Ma questa sera non possiamo non cantare anche la grazia e la gioia dell’ordinazione diaconale di un fratello: Pier Luigi.
Ma chi è il diacono? Propriamente uno al quale il Signore fa il dono di diventare come lui, servo. È una grazia essere servo? Preciso. Non un servo stipendiato; non un servo a ore o a cottimo. Il ministero non viene conferito in vista di una carriera (qui non è ammessa altra carriera che la scalata alla santità!), né in vista di vantaggi particolari e – fuori di metafora – non per autorealizzazione (anche se il diacono sperimenta quanto è bello servire il Signore e come allarghi il cuore dedicarsi agli altri più che a sé). Il diaconato non è un contratto a tempo: “Prima mi sbrigo e prima sono libero; poi mi dedico a me stesso e ai miei hobby”. Non è una professione da svolgere, magari nel migliore dei modi, nel posto che mi piace di più (Caro Pier Luigi ricorda il testo della Imitazione di Cristo, oggetto delle nostre meditazioni: “Immaginatio locorum, multos fefellit”!). Ma allora, che cosa è il diaconato? Perché è una fortuna?

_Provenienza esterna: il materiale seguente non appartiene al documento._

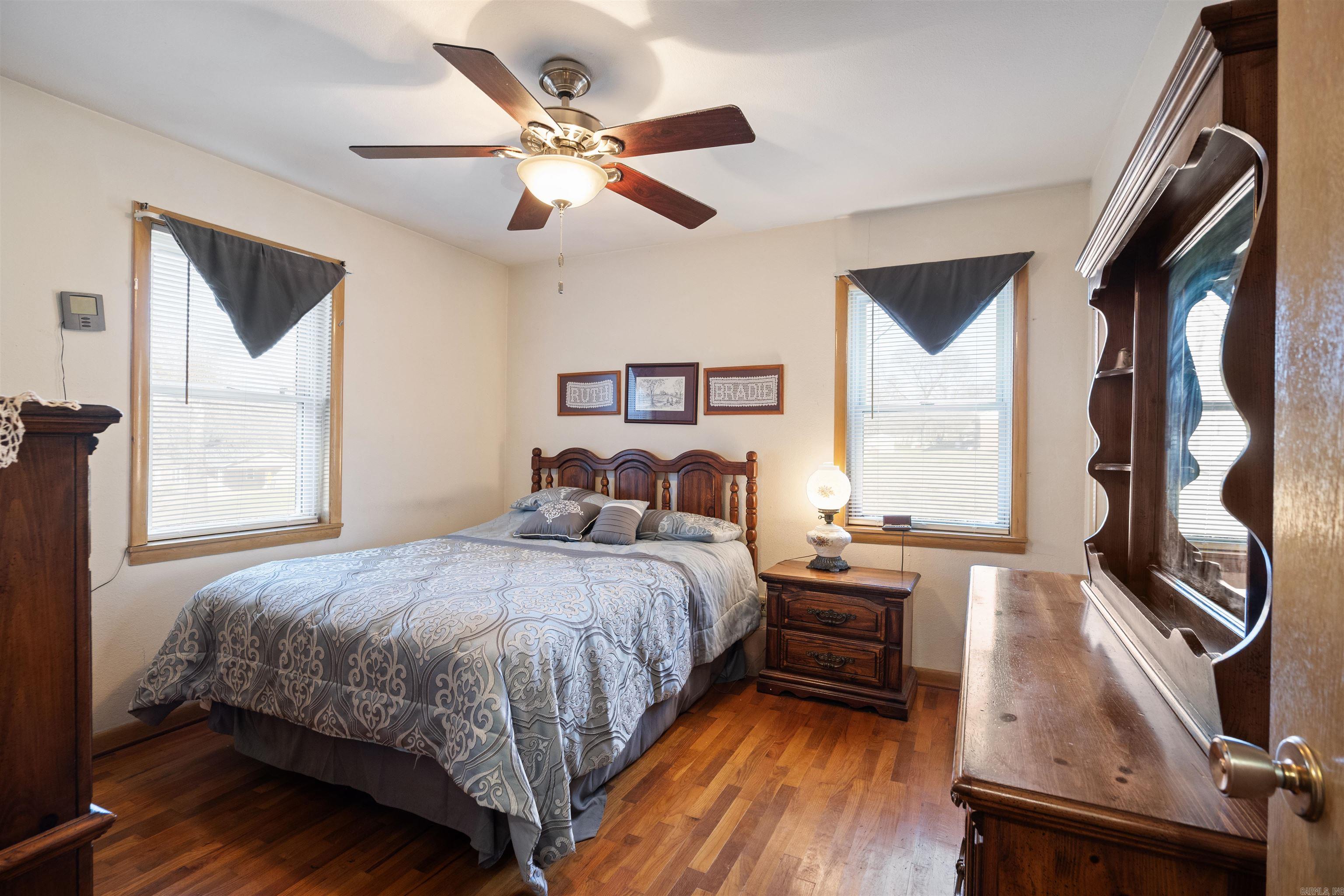 Newark Eastern - Residential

Il diaconato è una dimensione nuova che configura il candidato a Gesù Cristo servo mediante il sacramento dell’Ordine, con tutte le grazie proprie, e che rimane come segno indelebile in chi lo riceve con l’imposizione delle mani del Vescovo.
“Tutto ciò che fu visibile del nostro Redentore è passato nei segni sacramentali”. Il nostro Redentore fu essenzialmente servo, servo della nostra Redenzione. E tu, Pier Luigi, diventi a tua volta servo della Redenzione, metti a disposizione le tue membra perché siano a servizio della Redenzione.

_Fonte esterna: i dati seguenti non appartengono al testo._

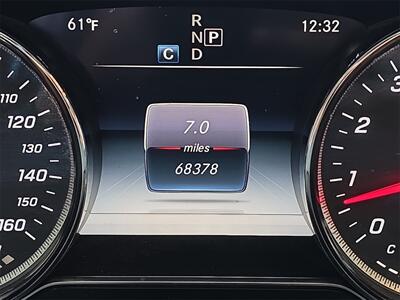 2018 Mercedes-Benz E 300   - Photo 17 - Lennox, CA 90304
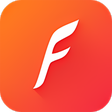 Icon of program: VeryFit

Il Signore viene in mezzo a noi. È qui! Dice nuovamente “Shalom”. Alita su questa assemblea e su di te. Dice: «Come il Padre ha mandato me, io mando voi». Caro Pier Luigi, il Signore manda te! Come il Padre ha mandato lui! L’ha mandato umano, piccolo, inerme, servo. Quante volte Gesù ci ha lasciato intravvedere la sua coscienza di essere servo, citando i Carmi di Isaia che tratteggiano l’identikit del servo di Jahvè, servo sofferente. Parola chiave dei Carmi è la preposizione “per”: “per voi” e “per tutti”.
L’esistenza del diacono è una pro-esistenza.

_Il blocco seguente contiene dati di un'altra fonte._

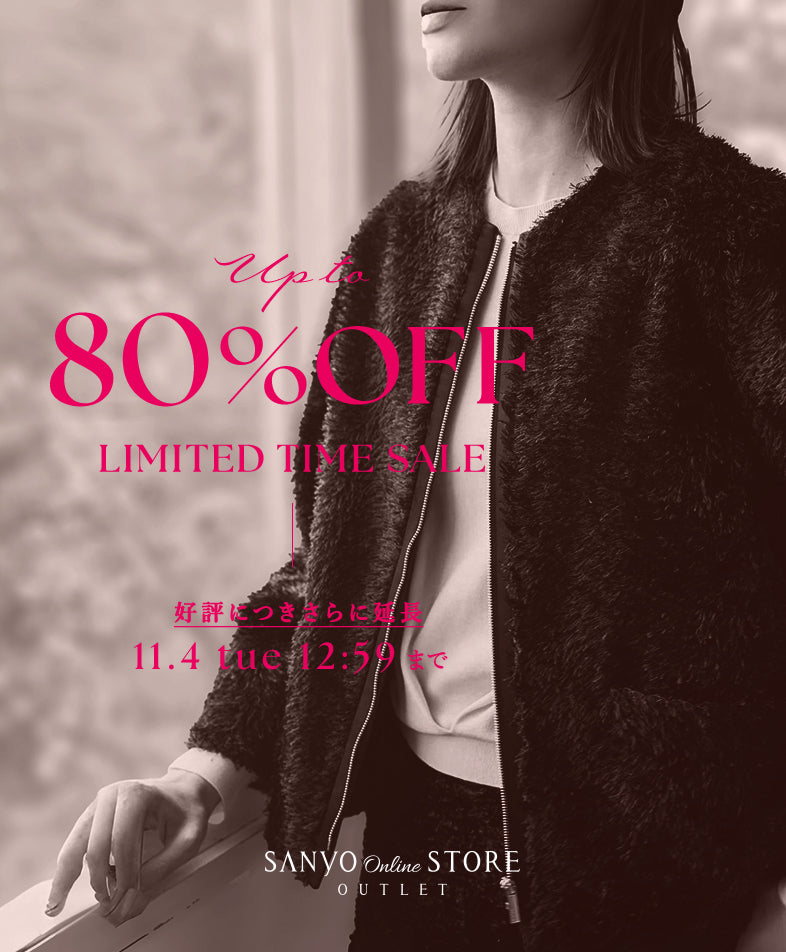 ☆極美品☆ BURBERRYブルゾン (L) 三陽商会 ☆極美品☆ BURBERRY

Indicazioni precise per il tuo diaconato vengono dalle letture di oggi.
La prima lettura (il celebre “quadretto” degli Atti degli Apostoli) ti ricorda che esprimerai il tuo servizio in una logica di comunione, dentro una comunità precisa (incardinazione), con le sue ricchezze e le sue povertà. Questo testo ti aiuterà nell’approfondire ancora di più la spiritualità di comunione. Troverai in questa Chiesa di San Marino-Montefeltro fraternità, amicizia e aiuto spirituale, culturale ed economico.
La seconda lettura ti infonde coraggio, ti immette nel servizio con una mentalità vincente: “La nostra fede vince il mondo”.
Sostiamo un attimo nella meditazione del testo evangelico.
Gesù appare ai discepoli barricati nel Cenacolo per la paura dei Giudei e, ancor più, prigionieri della loro viltà e dei rimorsi per la notte del tradimento.
Gesù viene delicatamente, a porte chiuse, sensibile e attento alla crisi e ai dubbi dei suoi amici. E il gruppo riparte. È una comunità creata di nuovo col soffio dello Spirito. Il gesto di Gesù ripropone, infatti, l’atto creativo.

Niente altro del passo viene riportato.